A fundamental aspect to Lean Development involves the modularization and establishing common interfaces for complex products and portfolios. At the product level, modularization and standard interfaces enable an effective Set-Based approach to development. Standardization at a portfolio and product subset level allows for reduced design efforts, less variation in manufacturing, better buying power, fewer SKU’s to stock, etc. Much of the impact is derived through the creation of knowledge owners for more effective learning as a part of the innovation process. 

A fundamental aspect to establishing knowledge owners, and in turn, defining common interfaces, and determining the appropriate modularization is through Functional Block Diagrams. Functional block diagrams are a tool to break the product (and the portfolio) into functional blocks rather than bills of materials or manufacturing routing diagrams. The functional blocks depict the product in functions in accordance to how the consumer utilizes the product. 

The blocks define the locations for interfaces which are standardized within a product or even across the portfolio. With knowledge owners aligned to functional blocks, the interfaces are defined and the modularity aspects can be established.

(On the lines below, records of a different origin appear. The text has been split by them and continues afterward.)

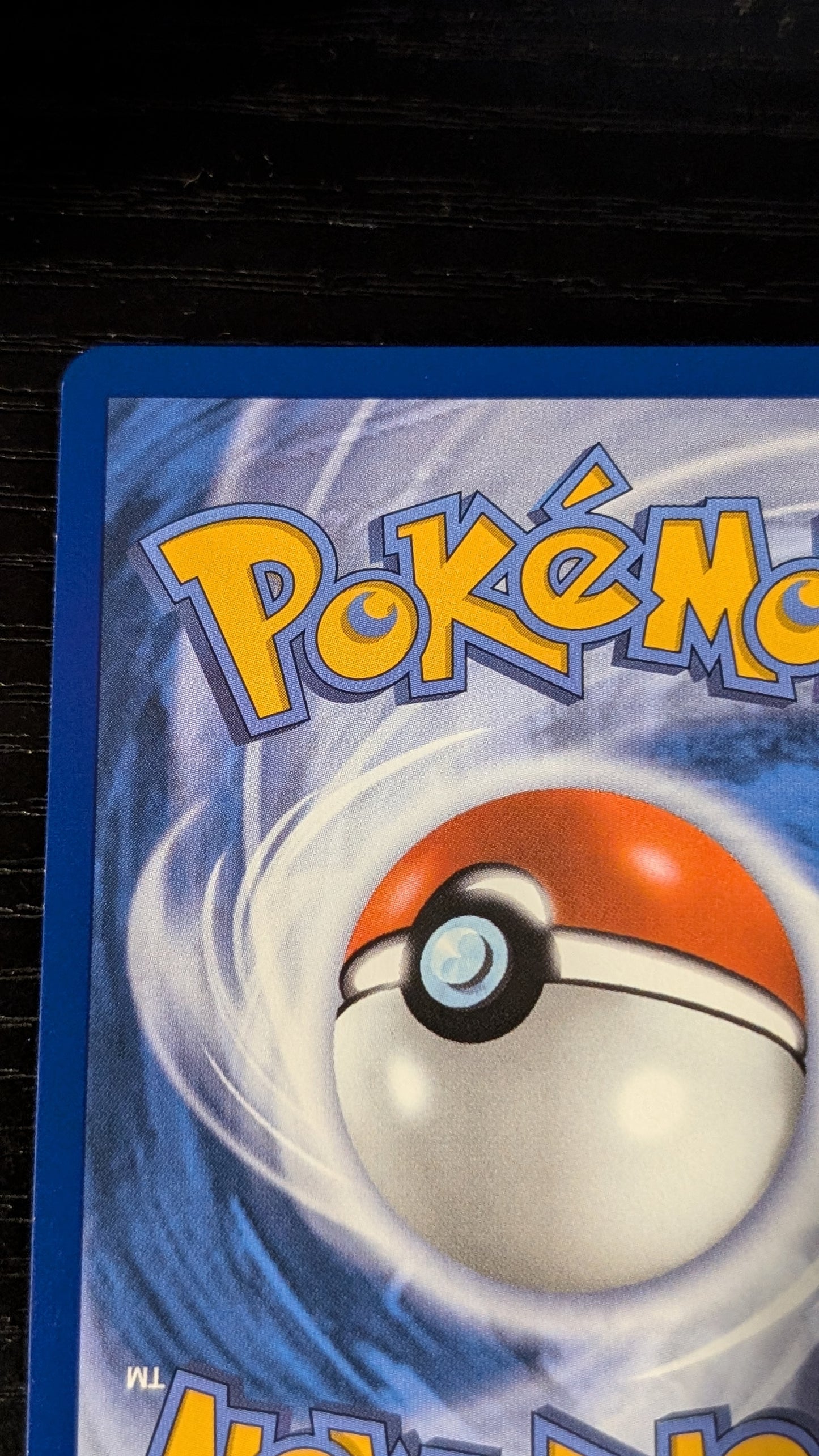 Bulbasaur, Charmander, Squirtle -  MEP 037, 038 & 039 - First Partner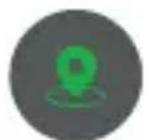Rexing M2 Max Pro - GPS Logger - 1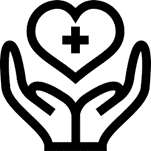 health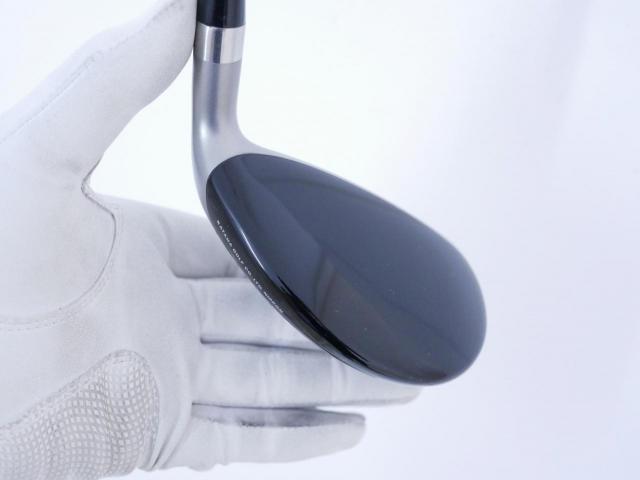 Fairway Wood : Katana : ไม้กระเทย Katana Sword ATC-589 Loft 23 ก้าน Speeder 589 Flex R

This further opens the door for the organization to better align on tolerance management. Many engineering organizations strive for the definition of product and industrialization specifications as early in the process as possible. That includes defining the tolerances when working with suppliers. But tolerances are a major driver for the product costs – and defining them early when you don’t know exactly how all components function together is an unnecessary cost increase. Managing product tolerances should be a conscious design concept that needs to be embedded into the process landscape of product management and product design. The goal is to define tolerances as late as possible in the development process, so that the overall product decisions can be made appropriately.  

Establishing proper tolerancing, component standardization, common interfaces, and modularization are multi-faceted endeavors with many moving pieces. Experience in dealing with preconceptions, technical topics, and input from many aspects of the organization is required to develop the most appropriate solution for each company. Our grey-haired consultants have exactly that industry experience to help organizations take advantage of these principles..

Some topics to consider:

In addition to the examples of topics to be addressed, we have also developed a proprietary process to define and execute the development of standards and modules. The objective of the Bottom-Up component rationalization and consolidation with Value Engineering is to bundle for better sourcing and leveraging best designs.

 

1. Data extraction and analysis on selected platform(s): Creation of a WDB (Working database), extraction of data from relevant  ERPs and import in WDB and go through master data of all relevant components.

 

 

2. Qualification Workshops: e.g.,PR (Performance Related) / NPR (Non-Performance Related), or Differentiator/USP (Unique Selling Proposition), Visualize patterns and classification trees.

 

 

 

3. Part Swap and ModularDesign Proposals: This stage includes the development of Solid proposals for Components Swapping and for Module Designs, including confidence factor and effort needed.

 

 

 

4. Consolidation: Final actions include confirming estimations and applying to documentation. Review quotations from plants & suppliers, and update BOMs accordingly.